Nul doute que les professionnels accueilleront avec intérêt l'avis par lequel le Comité économique et social européen, saisi en décembre dernier par la Commission européenne sur son livre vert relatif aux marchés publics, apporte sa contribution aux pistes de réflexion qui y sont proposées.
Certaines sont moins des nouveautés que des confirmations. Ainsi, le Comité économique et social estime qu'une politique européenne en matière de marchés publics de travaux devrait renforcer le concept du « mieux-disant ».
Autre confirmation : le comité se rallie à l'analyse désormais classique selon laquelle le faible nombre de marchés attribués à des entreprises originaires d'un autre Etat que celui du lieu du chantier s'explique moins par une mauvaise application des directives « marchés publics » que par des facteurs externes.
Par « facteurs externes », comme les appelle pudiquement le Comité européen, il faut entendre la méconnaissance des habitudes locales, les surcoûts liés à l'éloignement du chantier (qui ont vite fait d'annihiler une marge déjà très faible a priori...), le risque monétaire (dans l'attente de la monnaie unique), sans parler de la barrière de la langue. Bref, le réalisme conduit à dire que, pour remporter un appel d'offres, mieux vaut être le régional de l'étape.
Vers une directive « concessions »
Plus novatrice est l'évolution des milieux européens vers une attitude nettement favorable au développement du financement privé des ouvrages publics. Disette budgétaire fait loi... Encore faut-il que, tout en respectant l'obligation fondamentale de publicité préalable, soit « sauvegardé le caractère négocié de ces contrats ». La Commission de Bruxelles est même invitée à mettre à l'étude un outil juridique adapté concernant le régime d'exécution des concessions.
Mais nul doute que, de toutes les propositions, celles relatives aux offres anormalement basses retiendront le plus l'attention. Les milieux européens partagent le constat général : ces offres ont des conséquences désastreuses pour tous (mauvaise qualité des travaux, disparition d'entreprises et d'emplois, concurrence malsaine), et une politique européenne des marchés publics « ne saurait faire abstraction de ce problème ».
Mais alors que tous les systèmes proposés en France font reposer, d'une façon ou d'une autre, la solution du problème sur une action de « police » du maître d'ouvrage, les milieux communautaires sont plus dubitatifs sur l'efficacité d'un système fondé sur la décision d'une personne (le maître d'ouvrage public) à la fois juge et partie.
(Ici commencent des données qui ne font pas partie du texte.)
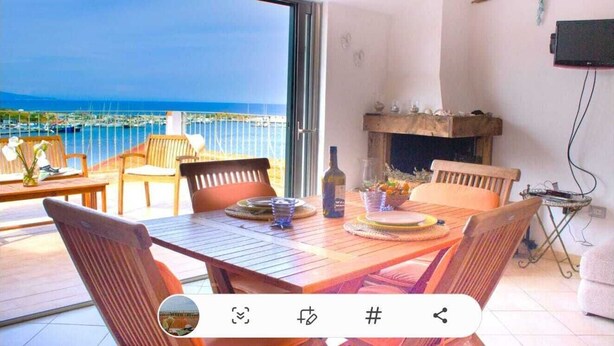 A dining area with a table set for four, a fireplace, and a view of the sea. - The Grottino (Stintino)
Aussi, s'inspirant d'un mécanisme qui a fait ses preuves aux Etats-Unis et ailleurs, proposent-ils un système obligatoire de « bonds » garantissant la bonne fin de l'offre. L'expérience montre, en effet, que la « tierce partie avertie » qu'est l'organisme financier chargé de délivrer ce type de garantie ne prend jamais le risque de couvrir une opération proposée à un prix déraisonnable.
Mais - et c'est là que le bât blesse - pour bien fonctionner, un tel système suppose l'existence d'un réseau financier très spécialisé dans l'analyse des comptes des entreprises de BTP et des risques liés à une opération de construction.
C'est ne faire injure à personne que de dire qu'une telle condition préalable n'est sans doute pas encore remplie en France.